Source information -
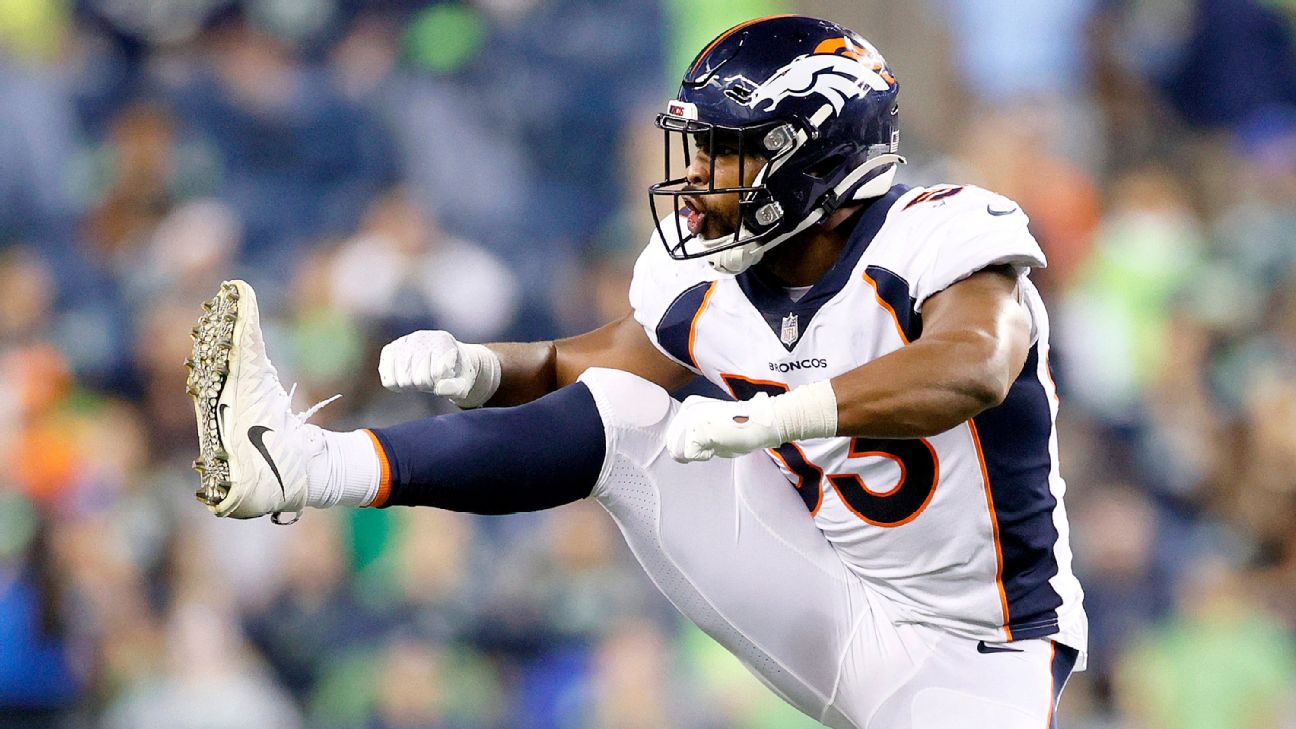 Denver Broncos linebacker Jonathon Cooper, right, is blocked by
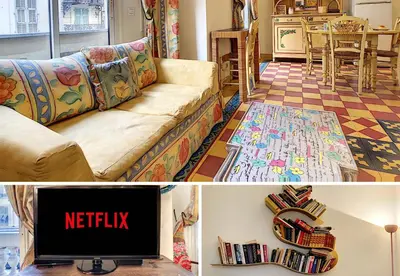 a living room with a couch and a tv at Nestor&Jeeves - SIXTIES - Central - Very close sea - Retro in Nice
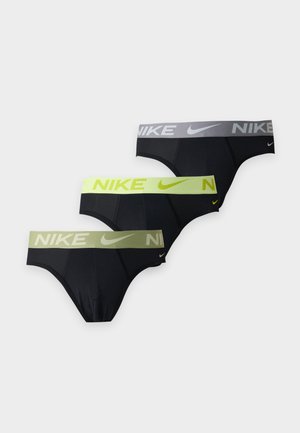 Мускулест мъж, изправен бос, носещ черни слипове на Nike с леко бежова талия на обикновен бял фон.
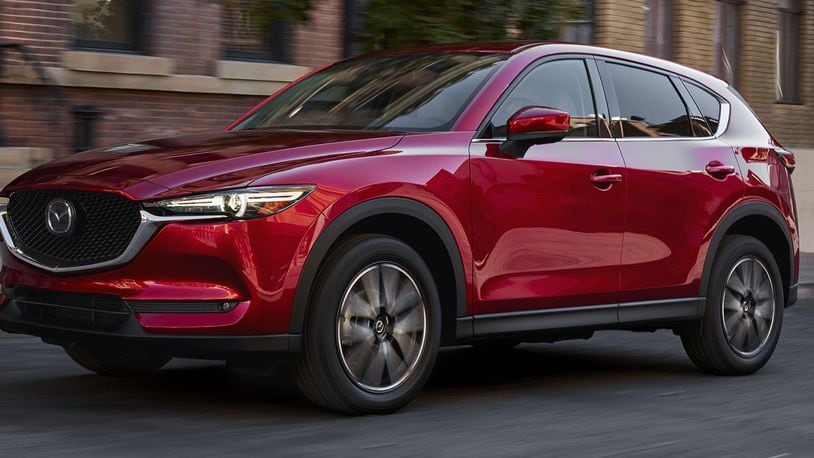 The entry 2017 Mazda CX-5 Sport trim features 17-inch alloy wheels, black cloth-upholstered seats, cruise control, air conditioning, power windows, power mirrors, pushbutton starter, LED headlights, variable intermittent windshield wipers, carpeted floor mats, a 40:20:40 split-folding rear seat, Smart City Brake Support and power door locks. Mazda photo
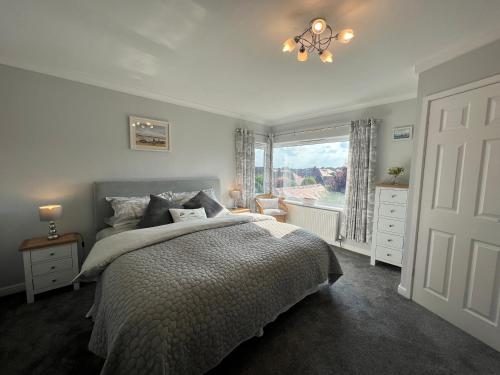 a bedroom with a large bed and a window at The Emberton in Bridlington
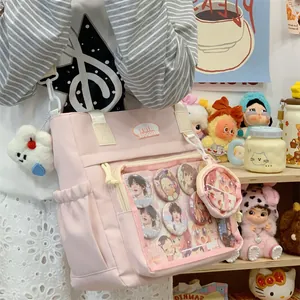 Close-up detail of the pink Ita tote bag with a transparent display pocket for pins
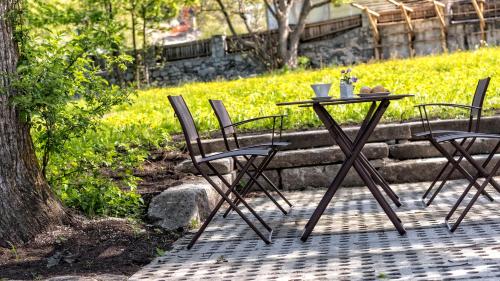 a table and chairs sitting on a patio at Niedermairhof in Brunico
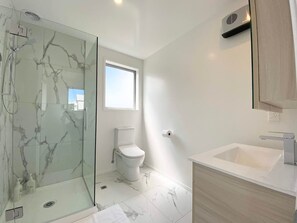 A modern bathroom with a glass shower enclosure, a toilet, and a sink with a wooden vanity. - Salisbury courtyard retreat with a workspace in Christchurch (Christchurch)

Prompt - An exact copy is needed of the lines running from the one containing "The entry 2017" through the last line of the material, and of no others; pictures stay out.

Response area -
 The entry 2017 Mazda CX-5 Sport trim features 17-inch alloy wheels, black cloth-upholstered seats, cruise control, air conditioning, power windows, power mirrors, pushbutton starter, LED headlights, variable intermittent windshield wipers, carpeted floor mats, a 40:20:40 split-folding rear seat, Smart City Brake Support and power door locks. Mazda photo
 a bedroom with a large bed and a window at The Emberton in Bridlington
 Close-up detail of the pink Ita tote bag with a transparent display pocket for pins
 a table and chairs sitting on a patio at Niedermairhof in Brunico
 A modern bathroom with a glass shower enclosure, a toilet, and a sink with a wooden vanity. - Salisbury courtyard retreat with a workspace in Christchurch (Christchurch)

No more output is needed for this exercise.